In a monthly forecast update, RBC Economics' Abbey Xu and Annie Zheng project that elevated oil prices are not expected to reignite broad-based inflation in Canada this year, noting that global supply chains are more resilient than during past energy shocks, domestic demand has softened, and the commodity disruption remains narrowly concentrated in oil. 

The headline consumer price index is forecast to jump to 3.1% year-over-year in April, up from 2.4% in March.

The acceleration reflects a confluence of factors, including a statistical distortion: this April is the first month in a year that the annual energy comparison will not be suppressed by the removal of the federal consumer carbon tax in April 2025.

At the same time, gasoline prices climbed another 8% in April following a 21% surge in March and were running approximately 28% above year-ago levels.

The partial removal of the 10-cent-per-litre federal fuel excise tax — which came into effect on April 20 — will provide only a modest offset, with its full effect expected to show up more clearly from May onwards.

Even accounting for that relief, after-tax gasoline prices in May are still running more than 30% above the same period a year ago.

Will broader inflation pressures reignite?

Beyond fuel, the picture is more reassuring. Food price growth is expected to remain around 4% in April, broadly consistent with recent trends.

The Bank of Canada's preferred core inflation measures — CPI-median and CPI-trim — are expected to tick slightly lower on a year-over-year basis, as a large monthly increase from a year ago drops out of the annual calculation.

RBC economists note that central banks will need to keep a close eye on inflation expectations as high oil prices persist, but that they won't rush to respond to the energy supply shock, maintaining a forecast for rates to hold through the end of the year.

Business surveys show short-term inflation expectations have risen alongside energy price spikes, but longer-term expectations remain anchored around the Bank's 2% target, giving the Bank room to treat the near-term volatility as transitory rather than structural. RBC

This is a meaningfully different backdrop from the inflation surge of 2022, Xu and Zheng argue, and mortgage professionals would do well to take note of that distinction when setting client expectations.

The unemployment rate sits at 6.9%, reflecting a soft labour market that constrains the kind of wage-price spiral that made previous inflation episodes so persistent.

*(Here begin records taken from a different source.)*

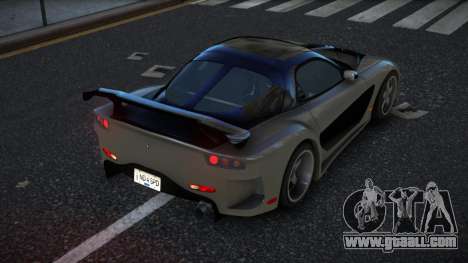 Mazda RX-7 Sipim for GTA 4
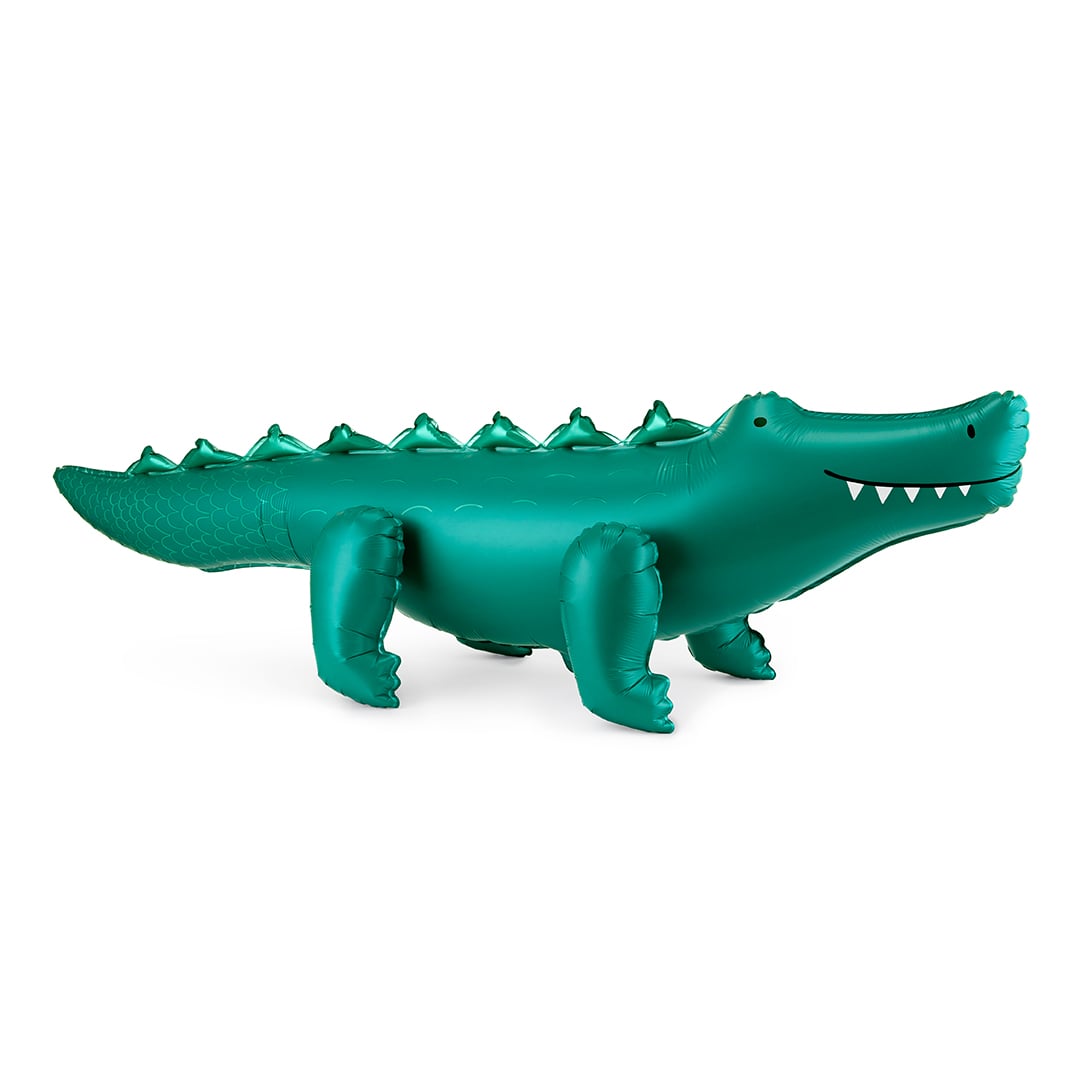 Crocodile Giant Air Fill Foil Balloon 129cm / 51 in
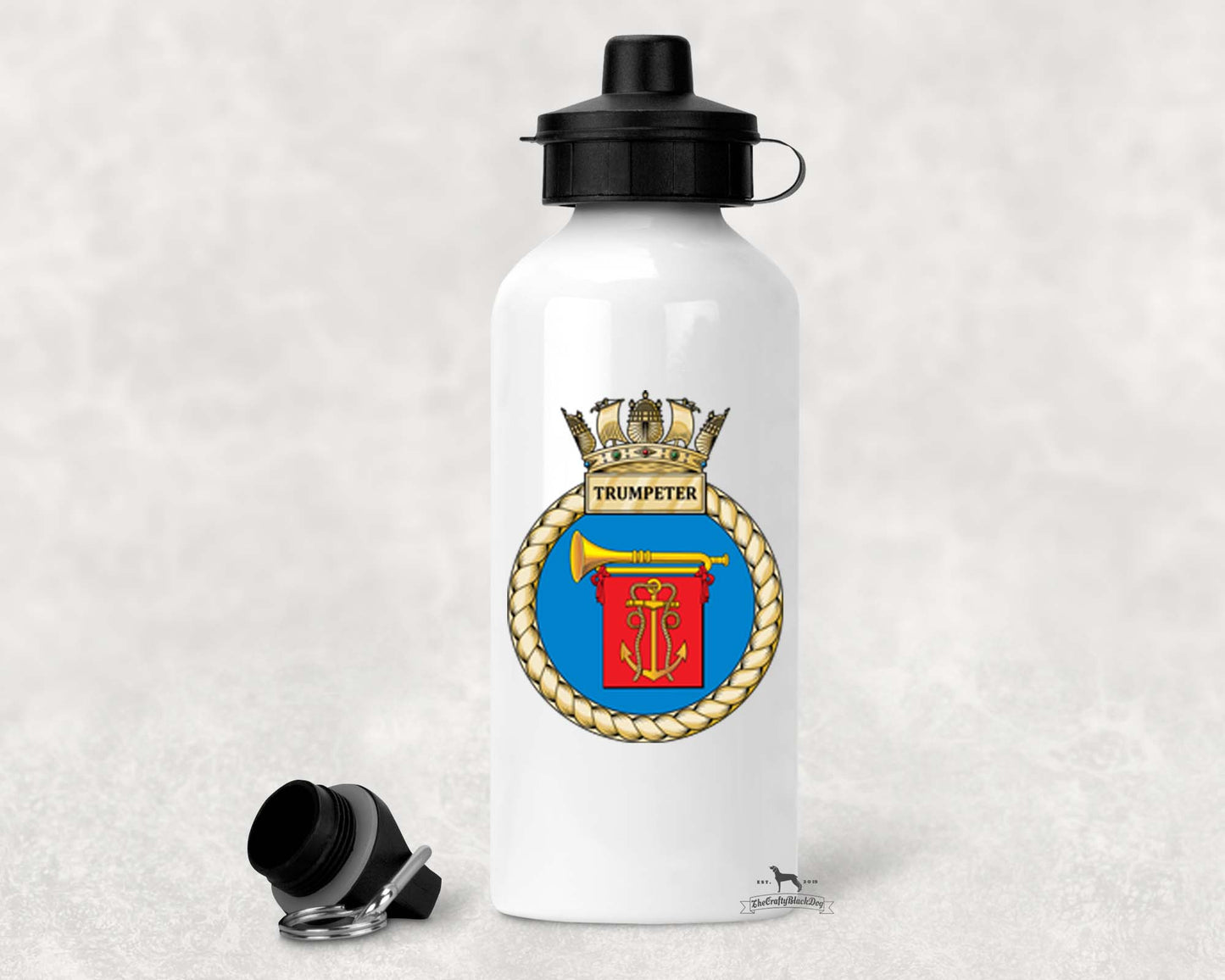 HMS Trumpeter - ALUMINIUM WATER BOTTLE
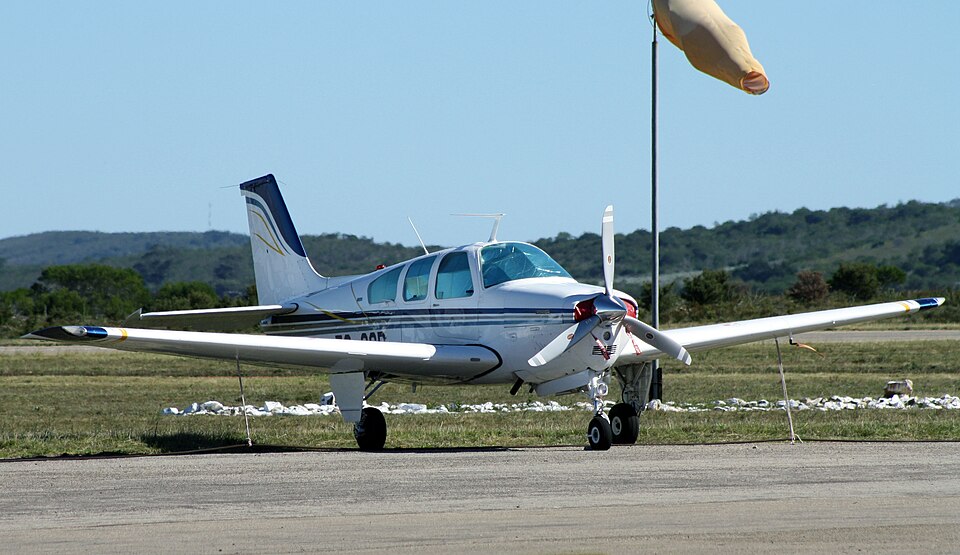 Aircraft registered ZS-OGD
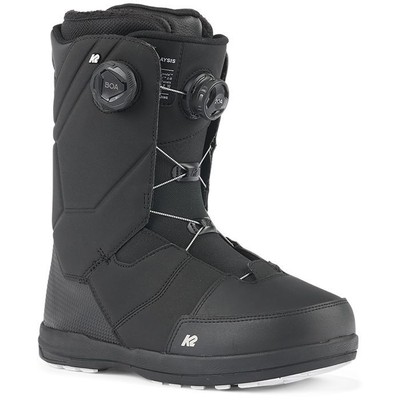 K2 Maysis Wide Men's Snowboard Boots, Black, M12 MY24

BMO Economics' Douglas Porter similarly argued that a rate hike this year remains highly unlikely, with the economy struggling to grow and core inflation moving closer to the 2% target, even as geopolitical risks cloud the outlook.

What this means for mortgage clients

Consumer spending, meanwhile, has shown more resilience than the headline macro numbers might suggest.

Building on a 0.6% increase in retail sales in February, Statistics Canada's advance estimate points to retail sales rising a further 0.6% in March.

RBC cardholder transaction data indicates that household spending held up into the first quarter of 2026, even as the oil shock weighed on broader confidence.

The key risk, Xu and Zheng note, is the duration of the oil shock. If elevated oil prices become more persistent and broad-based expectations shift, the Bank will need to reassess. But for now, the base case remains a hold through 2026.